Da Vinci surgical robot has become the world's largest medical device market value, but its performance is not outstanding. The latest quarter revenue increased by 14%, with a profit margin of 26%, far below the peak level in 2021. The successful launch of new products did not significantly improve performance, and the high-precision manufacturing cost of surgical robots makes it difficult to achieve high gross margins. Overall, there has been a change in the leading position of the medical device sector, with the rise of Da Vinci robot attracting attention, but its actual financial data still lags behind other pharmaceutical companies

The U.S. stock market is currently adjusting at a high level, still some distance away from breaking through the index. However, new high-growth companies are emerging one after another. While AI stocks are temporarily struggling, many blue-chip stocks that have not seen significant cumulative gains in the past few years are reaching new highs with a slight boost from positive financial reports. Inadvertently, the leading positions in some industries have already changed.

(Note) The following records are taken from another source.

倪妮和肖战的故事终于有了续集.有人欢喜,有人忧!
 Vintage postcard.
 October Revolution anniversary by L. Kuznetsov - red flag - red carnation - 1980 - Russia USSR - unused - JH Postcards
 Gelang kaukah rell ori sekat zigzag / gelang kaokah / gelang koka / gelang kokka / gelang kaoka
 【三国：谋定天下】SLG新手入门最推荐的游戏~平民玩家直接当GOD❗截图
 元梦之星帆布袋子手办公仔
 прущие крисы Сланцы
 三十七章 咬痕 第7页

Looking at the medical sector, the shadow of the post-pandemic era still lingers, making it difficult for the sector's overall index to reach the peak of 2021. However, new leaders have emerged in both the pharmaceutical and medical equipment sectors. Lilly has replaced Pfizer as the market leader, with a market value three times that of Pfizer, despite still catching up in terms of revenue and profits. In the field of medical equipment, Medtronic has been replaced by Da Vinci Surgical Robots, which generate only one-third of the revenue. The huge prospects for weight loss and diabetes miracle drugs are also evident. However, the market value of Da Vinci Surgical Robots surpassing many medical equipment giants such as Medtronic, Stryker, and Boston Scientific has gone unnoticed. How did the medical equipment sector also undergo such a transformation? Are surgical robots riding the wave of AI + humanoid robots, or are real huge prospects about to be unleashed?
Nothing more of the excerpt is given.